University of Missouri cotton specialist Bradley Wilson says it was a generally good year in his area. He is based at the MU Fisher Delta Research Center at Portageville.
“I think it’s been a pretty good year for us,” he says. “The cotton crop looks good for us.”
Wilson says cotton likes warm, sunny conditions, and irrigation is widespread in southeast Missouri, but a lack of rain early on provided weed control challenges.
“We did not get any kind of rain early on, which affected our herbicide programs,” he says. “It needed rainfall to activate those.”
July did provide some relief from the overall drought conditions.
“July, we started getting some rains, which helped out a lot,” Wilson says.
He says farmers started irrigating in late June or early July, although early- to mid-August brought more rain than needed, limiting production for the upper cotton bolls.
“We had a week or two period where it felt like it rained every other day,” he says. “We had a huge rain event. I think that kind of hurt the crop in some ways. It may have hurt the top crop. … When you’re not having sunshine, you’re not going through photosynthesis and getting those carbohydrates for crop development.”
Wilson says cotton is a fairly drought-tolerant crop, and the early dry conditions probably helped the cotton develop good root systems.
He says at least 90 to 95% of the cotton in southeast Missouri is irrigated.
Wilson says the cotton harvest could happen a little earlier than normal, but weather in the rest of September will determine that.

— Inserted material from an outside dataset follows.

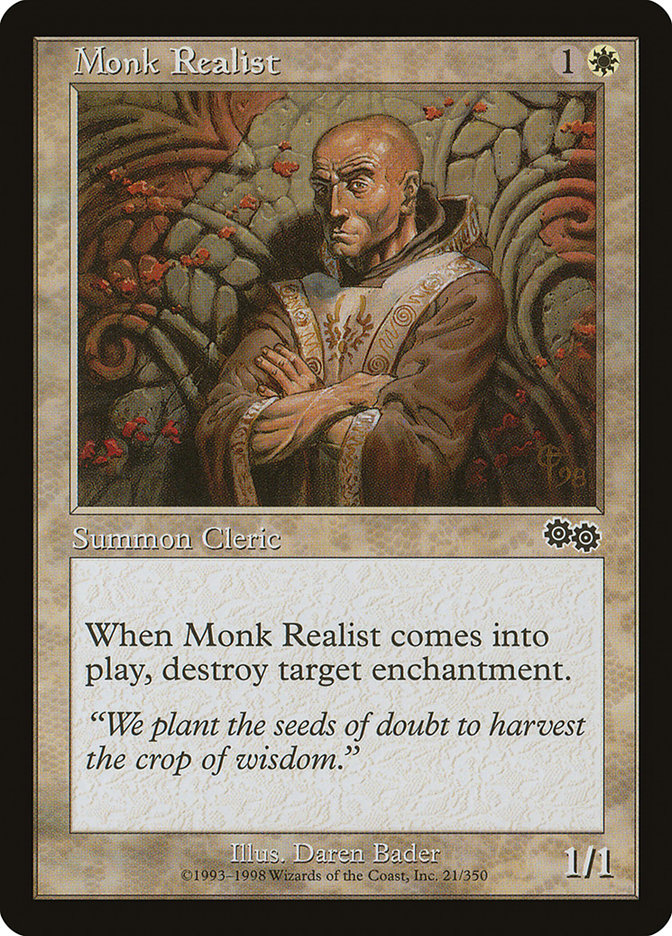 Monk Realist [Urza's Saga] | Play N Trade Winnipeg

On rice, the crop is looking good as harvest rolls on, MU Extension rice specialist Justin Chlapecka says.
“The rice crop looks very good down here and we’ve gotten an early start to harvest,” he says.
Chlapecka first heard of rice being harvested on Aug. 21, with the harvest in full swing by Labor Day weekend.
The good crop started with timely rice planting this year.
“The vast majority of growers were able to get planted during the first three weeks of April, which sets us up for excellent yield potential compared to later plantings,”
Chlapecka says. “There were a few weather issues including the drought occurring around pre-flood timing that exacerbated some weed management issues in relation to herbicides not being activated or working as well with the warm and dry weather. This is the biggest issue I’ve seen — some fields not being quite as clean as we’d like — but it’s nothing we don’t face in some form or fashion every year.”
He says pest pressures were pretty low this year, including sheath blight and rice stink bugs.
Chlapecka says the weather during the growing season was decent, although it was a little cloudier with more wet weather than ideal for rice growers. But overall, it was a very good year for rice.
“We have had two of our highest state average yields over the last two growing seasons, and I would expect this year to rival 2022 if not 2021’s state record yield,” he says.